▶ Task to complete
Go through the listing below and repeat it exactly, dropping the pictures.

───── Collected data

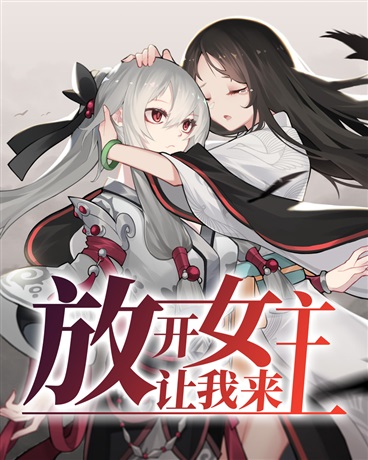 Освободите главную женскую роль, оставьте ее мне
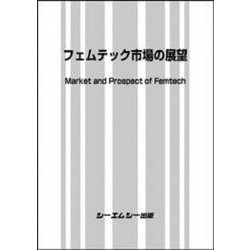 フェムテック市場の展望(バイオテクノロジー) [単行本]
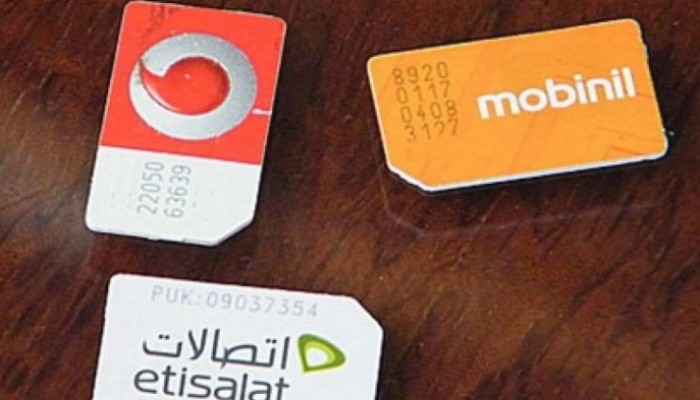 شركات المحمول تحذر.. تلك الخطوط ستتوقف عن العمل بدءا من اليوم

──────────

▶ Answer area
 Освободите главную женскую роль, оставьте ее мне
 フェムテック市場の展望(バイオテクノロジー) [単行本]
 شركات المحمول تحذر.. تلك الخطوط ستتوقف عن العمل بدءا من اليوم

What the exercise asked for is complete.